Latter-day impersonators like “Princess Caraboo” and the Baltimore-born Bata Kindai Amgoza ibn LoBagola, whose persona as a self-described “African Savage” and descendant of the lost tribes of Israel, occupied their moments in the popular imagination for years. So, too, did the racist “miscegenation pamphlet” hoax that sought (unsuccessfully) to bring down Abraham Lincoln’s antislavery Republican party, and the writings of the preposterous eccentric Charles Otley Groom-Napier, whose invented titles of Prince of Mantua, Montferrat, Ferrera, Nevers, Rethel, and Alençon were nearly as elaborate as his published pseudo-scientific vegetarian cures for dipsomania. Nineteenth-century manuscript fakes, such as Constantine Simonides’s antiqued and “ancient” Greek manuscript on vellum revealing the mysteries of Byzantine painting, and a false thirteenth-century French Crusader charter designed to qualify several French families’ arms for prominent display in Louis Philippe’s Salles des Croisades at Versailles, demonstrate the eternal human desire to discover “lost” works. A fine gathering of medieval illuminations on actual early parchment fragments by the so-called Spanish Forger and his imitators fed the appetites of art collectors eager for more traditional alternatives to latter-day expressionist and surrealist works. False memoirs, such as Friedrich Nietzsche’s My Sister and I and William Mannix’s spurious The Memoirs of Li Hung Chang, are further standouts among the early twentieth-century holdings.

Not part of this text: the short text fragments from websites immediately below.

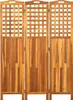 vidaXL 3-dielna priečka do izby 121x2x170 cm akáciové Náhľad obrázku produktu 1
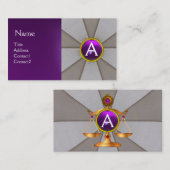 Carte De Visite ÉCHELLES DE DROIT, PROTORNEY MONOGRAM Violet Grey (Devant / Derrière)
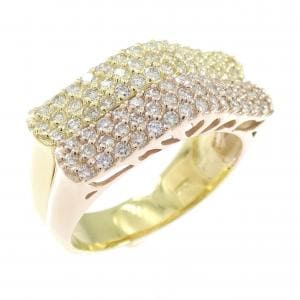 K18YG/K18PG ダイヤモンド リング 0.69CT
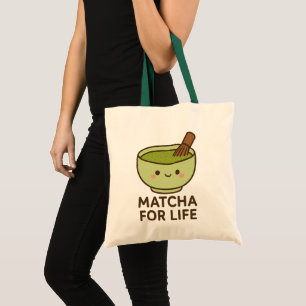 Tote Bag Sticker à bol mignon Matcha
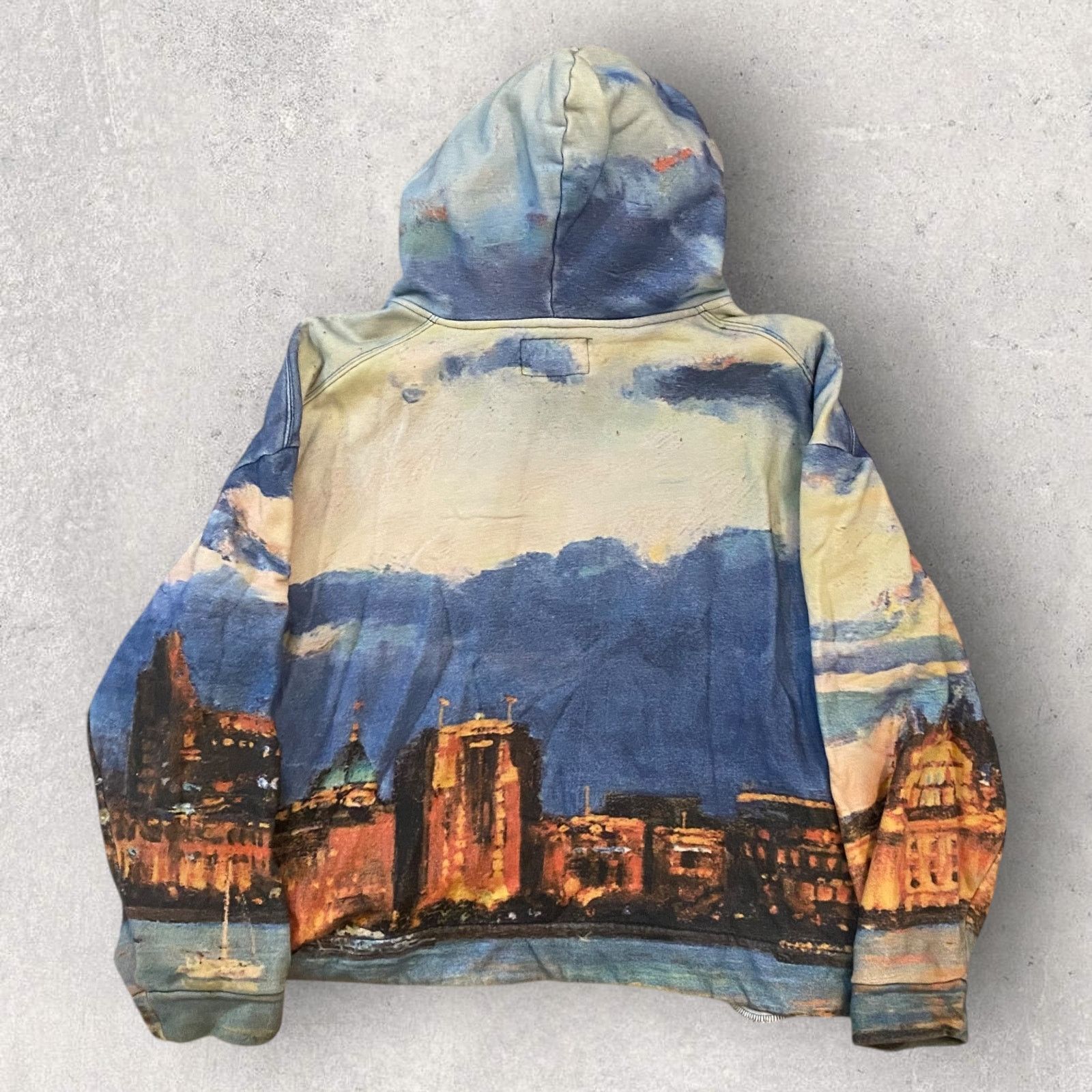 YITAI YTG LA Yitai The Bund Landscape Hoodie Sweatshirt Shanghai Size US M / EU 48-50 / 2 - 2 Thumbnail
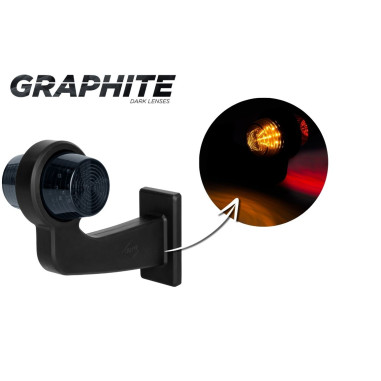 LAMPE LED DÉCORATIVE GAUCHE ORANGE-ROUGE LD 2620/GRAPHITE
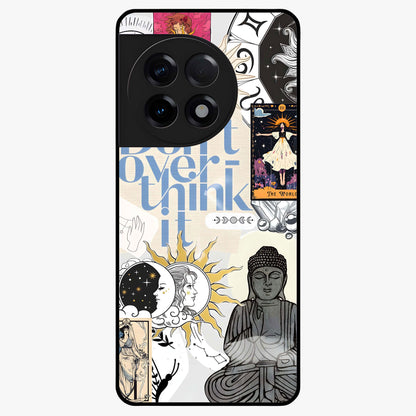 Ethereal Thoughts Glass Case for 1+11R dreamy front view featuring abstract artistic artwork with soft tones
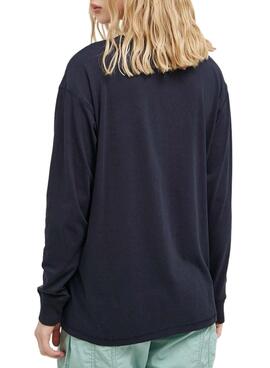 Sudadera Tommy Jeans Archive marino para mujer 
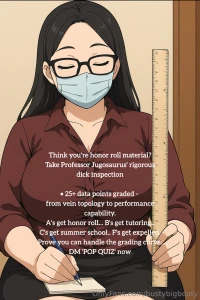 Professor jugosaurus office hours are open but your little submission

== Access, valorization and digitization ==

A major exhibition of the Bibliotheca Fictiva collection was held in Johns Hopkins's historic George Peabody Library from October 2014 until February 2015. The allied exhibition catalogue was sold out and reprinted in a revised second edition. A complete item-level printed catalogue is available, and a further ‘Continuation’ of which, enumerating all the additions made to the collection post-2014, will be published in 2022–23. A segment of National Public Radio’s Saturday Edition with Scott Simon offers an introduction to the collection, as well as several magazine articles. An international conference convened at JHU also resulted in a volume of essays inspired by the collection being published by the Johns Hopkins University Press. About one hundred of the earliest and rarest books in the Bibliotheca Fictiva have been digitized in early 2022 and made freely available on the Internet Archive, with the support of the Arcadia Fund, with the hope of much more digital access being provided to the full collection in the coming years. All items in the Bibliotheca Fictiva are also accessible through the JHU online catalogue and Hopkins archival finding aids.